Aqui toda a africana costa acabo
Neste meu nunca visto promontório,
Que para o Pólo Antárctico se estende,
A quem vossa ousadia tanto ofende.»Os Lusíadas, Canto Quinto, estrofe 50 (Adamastor narra a sua história)
O Cabo das Tormentas, com as suas escarpas abruptas e mares revoltos no encontro do Atlântico com o Índico era um desafio terrível para a navegação, cuja descrição ficaria sempre incompleta caso Camões não ousasse criar um gigante traído, de fúria inesgotável, que fizesse jus ao temor que aquela passagem causava aos navegadores.
As rotas mais seguras, com um longo desvio para Sul, passavam ao largo do cabo, aproveitando as correntes fortes dos oceanos austrais que, sem continentes a impedir a passagem das águas, circulam à volta da Antártida. Apesar disso, a grande diferença de temperaturas do Atlântico para o Índico, é causa de grande agitação e tempestades. Uma rota mais austral não evitava as tempestades, mas evitaria um naufrágio nas rochas.
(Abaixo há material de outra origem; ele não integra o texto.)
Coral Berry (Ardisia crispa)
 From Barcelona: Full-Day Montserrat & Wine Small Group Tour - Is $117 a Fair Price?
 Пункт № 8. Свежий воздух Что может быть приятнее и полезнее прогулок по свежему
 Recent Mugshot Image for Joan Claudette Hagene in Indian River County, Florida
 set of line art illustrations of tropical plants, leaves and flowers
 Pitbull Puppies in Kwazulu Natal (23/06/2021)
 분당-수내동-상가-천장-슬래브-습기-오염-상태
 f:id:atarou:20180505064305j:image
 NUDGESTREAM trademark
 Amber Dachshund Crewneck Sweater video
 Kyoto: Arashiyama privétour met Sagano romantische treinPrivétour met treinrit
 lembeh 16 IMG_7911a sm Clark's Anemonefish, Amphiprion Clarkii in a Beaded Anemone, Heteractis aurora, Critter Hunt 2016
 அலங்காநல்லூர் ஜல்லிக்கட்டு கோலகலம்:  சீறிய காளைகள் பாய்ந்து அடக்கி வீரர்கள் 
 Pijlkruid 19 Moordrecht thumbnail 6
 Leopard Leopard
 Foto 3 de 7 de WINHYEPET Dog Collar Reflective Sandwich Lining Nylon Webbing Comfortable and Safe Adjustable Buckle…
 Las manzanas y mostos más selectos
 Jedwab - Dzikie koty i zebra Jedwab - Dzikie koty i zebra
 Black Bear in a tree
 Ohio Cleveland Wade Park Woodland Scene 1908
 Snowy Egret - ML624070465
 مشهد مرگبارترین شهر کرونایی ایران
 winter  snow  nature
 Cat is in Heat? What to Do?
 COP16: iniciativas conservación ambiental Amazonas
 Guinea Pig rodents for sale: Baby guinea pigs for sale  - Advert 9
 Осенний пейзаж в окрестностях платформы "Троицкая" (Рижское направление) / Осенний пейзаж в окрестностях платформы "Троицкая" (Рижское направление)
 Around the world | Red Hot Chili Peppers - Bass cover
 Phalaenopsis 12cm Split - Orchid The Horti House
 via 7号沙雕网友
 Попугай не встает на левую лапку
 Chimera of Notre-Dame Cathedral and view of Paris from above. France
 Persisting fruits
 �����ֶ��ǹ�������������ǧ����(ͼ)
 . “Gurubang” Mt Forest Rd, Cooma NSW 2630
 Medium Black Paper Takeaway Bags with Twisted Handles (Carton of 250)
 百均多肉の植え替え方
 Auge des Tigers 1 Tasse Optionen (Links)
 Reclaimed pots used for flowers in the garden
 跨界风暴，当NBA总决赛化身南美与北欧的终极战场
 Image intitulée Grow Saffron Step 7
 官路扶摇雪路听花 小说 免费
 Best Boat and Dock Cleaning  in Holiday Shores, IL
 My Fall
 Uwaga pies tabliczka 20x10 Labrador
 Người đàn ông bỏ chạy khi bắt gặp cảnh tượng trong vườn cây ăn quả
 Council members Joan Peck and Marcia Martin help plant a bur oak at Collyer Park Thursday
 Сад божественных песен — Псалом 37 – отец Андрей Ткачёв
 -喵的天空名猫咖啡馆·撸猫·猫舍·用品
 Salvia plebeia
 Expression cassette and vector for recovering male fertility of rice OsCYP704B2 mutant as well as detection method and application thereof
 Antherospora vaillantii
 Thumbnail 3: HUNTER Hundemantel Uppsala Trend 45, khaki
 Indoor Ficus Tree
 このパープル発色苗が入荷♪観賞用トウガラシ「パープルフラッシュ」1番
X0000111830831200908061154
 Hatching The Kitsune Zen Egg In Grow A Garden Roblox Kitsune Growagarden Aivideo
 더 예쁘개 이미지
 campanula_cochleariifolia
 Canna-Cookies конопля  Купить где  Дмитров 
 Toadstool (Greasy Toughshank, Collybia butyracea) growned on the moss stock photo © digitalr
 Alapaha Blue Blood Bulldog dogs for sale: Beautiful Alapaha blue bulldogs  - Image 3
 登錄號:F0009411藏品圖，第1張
O poeta bebeu inspiração ao longo das suas muitas aventuras. Pelas descrições que faz dos lugares e das viagens temos a certeza que passou grande parte da vida naquelas paragens, sofrendo e lutando como aqueles sobre os quais escreve. Talvez tenha ouvido falar da erupção de Ternate, certamente viu muitas vezes escarpas vigorosas como dentes afiados a ameaçar os cascos, talvez haja ainda mais que tenha visto e que não saibamos pois, é preciso não esquecer, Camões era personagem quase insignificante na época, membro da baixa nobreza caído em desgraça, e o que sabemos da sua vida deve-se à interpretação de factos dispersos, da sua obra, de pequenos relatos de amigos que lhe reconheceram o génio ainda em vida. Tal não impediu que morresse na miséria, sustentado pelo fiel António, o escravo jau.
«Tão temerosa vinha e carregada,
Que pôs nos corações um grande medo;
Bramindo, o negro mar de longe brada,
Como se desse em vão nalgum rochedo.
– «Ó Potestade (disse) sublimada:
Que ameaço divino ou que segredo
Este clima e este mar nos apresenta,
Que mor cousa parece que tormenta?»Os Lusíadas, Canto Quinto, estrofe 38 (Adamastor anuncia-se)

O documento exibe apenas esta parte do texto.